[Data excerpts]
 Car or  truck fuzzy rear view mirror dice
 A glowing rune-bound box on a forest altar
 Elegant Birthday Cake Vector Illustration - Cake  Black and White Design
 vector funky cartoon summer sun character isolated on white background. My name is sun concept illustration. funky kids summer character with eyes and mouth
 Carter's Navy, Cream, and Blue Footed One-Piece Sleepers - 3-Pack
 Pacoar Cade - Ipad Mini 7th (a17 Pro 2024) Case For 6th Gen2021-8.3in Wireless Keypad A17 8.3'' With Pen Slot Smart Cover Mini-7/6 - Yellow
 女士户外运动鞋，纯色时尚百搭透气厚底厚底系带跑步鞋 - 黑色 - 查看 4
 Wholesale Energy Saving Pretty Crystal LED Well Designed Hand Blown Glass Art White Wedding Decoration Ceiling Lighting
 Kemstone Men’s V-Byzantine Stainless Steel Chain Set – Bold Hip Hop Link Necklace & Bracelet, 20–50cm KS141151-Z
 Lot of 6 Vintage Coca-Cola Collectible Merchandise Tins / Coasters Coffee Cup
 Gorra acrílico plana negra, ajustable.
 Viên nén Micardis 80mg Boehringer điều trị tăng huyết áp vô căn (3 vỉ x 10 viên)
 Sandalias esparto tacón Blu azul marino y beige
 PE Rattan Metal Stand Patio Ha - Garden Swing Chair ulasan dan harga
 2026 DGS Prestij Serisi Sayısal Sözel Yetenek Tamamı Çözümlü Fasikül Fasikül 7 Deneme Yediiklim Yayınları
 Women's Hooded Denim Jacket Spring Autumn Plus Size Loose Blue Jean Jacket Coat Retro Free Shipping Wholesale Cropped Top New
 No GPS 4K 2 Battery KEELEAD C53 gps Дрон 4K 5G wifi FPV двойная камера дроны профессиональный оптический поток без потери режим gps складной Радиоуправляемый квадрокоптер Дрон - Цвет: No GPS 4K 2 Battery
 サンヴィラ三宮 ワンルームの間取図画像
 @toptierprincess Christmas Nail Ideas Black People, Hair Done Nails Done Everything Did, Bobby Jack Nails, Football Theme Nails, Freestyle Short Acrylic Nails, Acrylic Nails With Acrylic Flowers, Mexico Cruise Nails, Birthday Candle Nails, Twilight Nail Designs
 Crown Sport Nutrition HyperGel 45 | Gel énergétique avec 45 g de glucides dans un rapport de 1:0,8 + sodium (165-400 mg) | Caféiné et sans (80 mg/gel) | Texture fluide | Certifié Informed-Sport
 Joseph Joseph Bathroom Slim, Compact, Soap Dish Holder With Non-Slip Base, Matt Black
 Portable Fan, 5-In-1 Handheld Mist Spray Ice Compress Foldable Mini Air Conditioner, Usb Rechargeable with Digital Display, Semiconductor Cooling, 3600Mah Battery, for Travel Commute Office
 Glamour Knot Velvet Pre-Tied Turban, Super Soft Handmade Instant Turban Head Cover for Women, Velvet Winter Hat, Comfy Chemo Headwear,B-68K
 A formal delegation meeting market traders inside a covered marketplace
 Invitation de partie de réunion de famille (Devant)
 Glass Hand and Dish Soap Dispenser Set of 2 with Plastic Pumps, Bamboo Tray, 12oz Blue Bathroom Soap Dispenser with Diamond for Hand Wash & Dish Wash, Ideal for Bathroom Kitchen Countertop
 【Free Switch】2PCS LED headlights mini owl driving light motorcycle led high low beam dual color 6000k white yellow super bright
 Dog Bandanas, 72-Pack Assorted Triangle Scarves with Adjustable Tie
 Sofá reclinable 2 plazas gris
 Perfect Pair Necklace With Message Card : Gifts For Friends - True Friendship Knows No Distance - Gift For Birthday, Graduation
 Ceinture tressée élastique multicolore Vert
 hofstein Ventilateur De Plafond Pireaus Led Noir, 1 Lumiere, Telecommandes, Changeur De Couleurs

Activity: Copy out each entry once more, character for character.

Output for this task:
 Car or  truck fuzzy rear view mirror dice
 A glowing rune-bound box on a forest altar
 Elegant Birthday Cake Vector Illustration - Cake  Black and White Design
 vector funky cartoon summer sun character isolated on white background. My name is sun concept illustration. funky kids summer character with eyes and mouth
 Carter's Navy, Cream, and Blue Footed One-Piece Sleepers - 3-Pack
 Pacoar Cade - Ipad Mini 7th (a17 Pro 2024) Case For 6th Gen2021-8.3in Wireless Keypad A17 8.3'' With Pen Slot Smart Cover Mini-7/6 - Yellow
 女士户外运动鞋，纯色时尚百搭透气厚底厚底系带跑步鞋 - 黑色 - 查看 4
 Wholesale Energy Saving Pretty Crystal LED Well Designed Hand Blown Glass Art White Wedding Decoration Ceiling Lighting
 Kemstone Men’s V-Byzantine Stainless Steel Chain Set – Bold Hip Hop Link Necklace & Bracelet, 20–50cm KS141151-Z
 Lot of 6 Vintage Coca-Cola Collectible Merchandise Tins / Coasters Coffee Cup
 Gorra acrílico plana negra, ajustable.
 Viên nén Micardis 80mg Boehringer điều trị tăng huyết áp vô căn (3 vỉ x 10 viên)
 Sandalias esparto tacón Blu azul marino y beige
 PE Rattan Metal Stand Patio Ha - Garden Swing Chair ulasan dan harga
 2026 DGS Prestij Serisi Sayısal Sözel Yetenek Tamamı Çözümlü Fasikül Fasikül 7 Deneme Yediiklim Yayınları
 Women's Hooded Denim Jacket Spring Autumn Plus Size Loose Blue Jean Jacket Coat Retro Free Shipping Wholesale Cropped Top New
 No GPS 4K 2 Battery KEELEAD C53 gps Дрон 4K 5G wifi FPV двойная камера дроны профессиональный оптический поток без потери режим gps складной Радиоуправляемый квадрокоптер Дрон - Цвет: No GPS 4K 2 Battery
 サンヴィラ三宮 ワンルームの間取図画像
 @toptierprincess Christmas Nail Ideas Black People, Hair Done Nails Done Everything Did, Bobby Jack Nails, Football Theme Nails, Freestyle Short Acrylic Nails, Acrylic Nails With Acrylic Flowers, Mexico Cruise Nails, Birthday Candle Nails, Twilight Nail Designs
 Crown Sport Nutrition HyperGel 45 | Gel énergétique avec 45 g de glucides dans un rapport de 1:0,8 + sodium (165-400 mg) | Caféiné et sans (80 mg/gel) | Texture fluide | Certifié Informed-Sport
 Joseph Joseph Bathroom Slim, Compact, Soap Dish Holder With Non-Slip Base, Matt Black
 Portable Fan, 5-In-1 Handheld Mist Spray Ice Compress Foldable Mini Air Conditioner, Usb Rechargeable with Digital Display, Semiconductor Cooling, 3600Mah Battery, for Travel Commute Office
 Glamour Knot Velvet Pre-Tied Turban, Super Soft Handmade Instant Turban Head Cover for Women, Velvet Winter Hat, Comfy Chemo Headwear,B-68K
 A formal delegation meeting market traders inside a covered marketplace
 Invitation de partie de réunion de famille (Devant)
 Glass Hand and Dish Soap Dispenser Set of 2 with Plastic Pumps, Bamboo Tray, 12oz Blue Bathroom Soap Dispenser with Diamond for Hand Wash & Dish Wash, Ideal for Bathroom Kitchen Countertop
 【Free Switch】2PCS LED headlights mini owl driving light motorcycle led high low beam dual color 6000k white yellow super bright
 Dog Bandanas, 72-Pack Assorted Triangle Scarves with Adjustable Tie
 Sofá reclinable 2 plazas gris
 Perfect Pair Necklace With Message Card : Gifts For Friends - True Friendship Knows No Distance - Gift For Birthday, Graduation
 Ceinture tressée élastique multicolore Vert
 hofstein Ventilateur De Plafond Pireaus Led Noir, 1 Lumiere, Telecommandes, Changeur De Couleurs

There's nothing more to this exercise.